Amazing quilts here Janet. I love Japanese quilts. They tend to make you slow down and smell the stitches. SO much thoughts and work goes into each quilt and has the definite mark of the maker. I have never seen one from up close but the pictures are always worth a thousand words.
I have been collecting magazines and books that have Japanese quilts and Jan's blog and flickr site have been my favorite place to see the show quilts.

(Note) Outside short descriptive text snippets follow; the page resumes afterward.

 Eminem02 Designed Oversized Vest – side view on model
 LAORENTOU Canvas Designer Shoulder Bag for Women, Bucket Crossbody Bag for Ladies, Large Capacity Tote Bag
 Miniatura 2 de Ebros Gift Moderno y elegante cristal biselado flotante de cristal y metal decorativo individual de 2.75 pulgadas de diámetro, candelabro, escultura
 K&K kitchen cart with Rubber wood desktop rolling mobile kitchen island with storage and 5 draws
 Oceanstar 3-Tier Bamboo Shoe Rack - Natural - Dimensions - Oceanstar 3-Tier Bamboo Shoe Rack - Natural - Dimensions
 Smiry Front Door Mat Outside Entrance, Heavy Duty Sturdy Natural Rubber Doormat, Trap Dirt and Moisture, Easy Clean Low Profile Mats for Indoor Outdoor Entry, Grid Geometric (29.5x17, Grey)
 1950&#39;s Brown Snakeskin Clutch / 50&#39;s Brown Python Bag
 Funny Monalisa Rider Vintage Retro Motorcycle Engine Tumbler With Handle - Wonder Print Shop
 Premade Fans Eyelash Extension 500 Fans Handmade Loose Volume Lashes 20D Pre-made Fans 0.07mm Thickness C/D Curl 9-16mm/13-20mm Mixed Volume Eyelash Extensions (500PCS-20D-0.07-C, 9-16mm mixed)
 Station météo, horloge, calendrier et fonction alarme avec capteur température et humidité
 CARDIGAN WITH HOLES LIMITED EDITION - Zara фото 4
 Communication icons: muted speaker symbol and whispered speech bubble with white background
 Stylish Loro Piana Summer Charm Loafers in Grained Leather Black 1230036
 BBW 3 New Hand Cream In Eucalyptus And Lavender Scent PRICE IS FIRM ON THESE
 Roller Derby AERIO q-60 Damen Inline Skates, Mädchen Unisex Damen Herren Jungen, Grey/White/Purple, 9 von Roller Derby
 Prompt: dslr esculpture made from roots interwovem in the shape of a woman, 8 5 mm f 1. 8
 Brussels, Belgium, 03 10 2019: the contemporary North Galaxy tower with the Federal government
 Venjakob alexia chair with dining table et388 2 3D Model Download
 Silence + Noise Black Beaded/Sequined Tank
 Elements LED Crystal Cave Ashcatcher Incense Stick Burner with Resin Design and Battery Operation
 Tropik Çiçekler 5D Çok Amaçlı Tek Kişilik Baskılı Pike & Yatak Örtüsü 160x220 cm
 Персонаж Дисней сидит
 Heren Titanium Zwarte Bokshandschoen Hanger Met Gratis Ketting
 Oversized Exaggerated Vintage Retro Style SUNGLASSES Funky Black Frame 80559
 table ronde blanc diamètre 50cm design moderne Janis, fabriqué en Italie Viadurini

Archie the wonder dog said...

What an amazing quilt!!! Thanks for sharing...and the advice about test blocks! I rarely follow patterns but when I do I check every measurement before starting as I'd hate to get partway through and discover a mistake. I hadn't thought about googling for errata though, I'll remember that tip!

gnittinknam said...

Have you tried to add a sliver of white onto the triangle corner befor the sashing (to eliminate the shaped edge of that white smashing). Basically there would be a blue cornerstone, and a white(slightly larger) cornerstone made from the added slivers.

Jodie said...

Hi Janet,
I did a project for a well known magazine and they messed it up really badly. Some of the templates were missed out and some were printed the wrong size. I dont know how as they received them from me on graph paper. Very bad experience as you feel responsible and then have to help hundreds of people.

Janet said...

Wow! Lots of design details in that quilt and that sashing looks tricky. Your blocks look great.

Shirley said...

The best advice that I was given when I first took up patchwork and my teacher said to pay attention to a quilt and really study how it is made up and I can honestly say that I can draft any block because of that. I love to draw my own blocks. I only have myself to blame if they are wrong. The quilt you showed looks stunning. I would love to make that one. Hope you do have a go as I know it will be as stunning.

Rachaeldaisy said...

The quilt you have shown is wonderful!! It's fun playing "pick the block". I bought Freddy's House book recently, thanks for the heads up about checking the templates, Fancy getting every template wrong!! I read Linda's post, hers and your post are great reminders to do a sample block first.

Rachaeldaisy said...

I forgot to say I love your Candied Hexagons.. I've been sewing pieced hexagons recently so it's great to see your!!

Nic said...

That's a lovely quilt. And a lot of applique. If she wasn't an expert when she began, I bet she is now :)

Lauren said...

This is a great post. I would be very interested to read a rundown of your process.

Jill said...

I just love your blog and Mr Quiltsalott. My Mr was laughing. I want to thank you from a long time appliquer for the tip about clipping your circles at the starting point. I had never heard of that before and it truly changed my love for circle applique.

Ivory Spring said...

You are just too amazing!!!!

*karendianne. said...

Just spending some time over coffee breathing in inspiration for my next hand-piecing project. I really like candied hexagons. Now that the Carpenters Wheel quilt is done I'm wondering where to for here? It's those in between projects times that make me drift. Drift for here to there and everywhere. Get my drift? Hee. Appreciating you, *karendianne.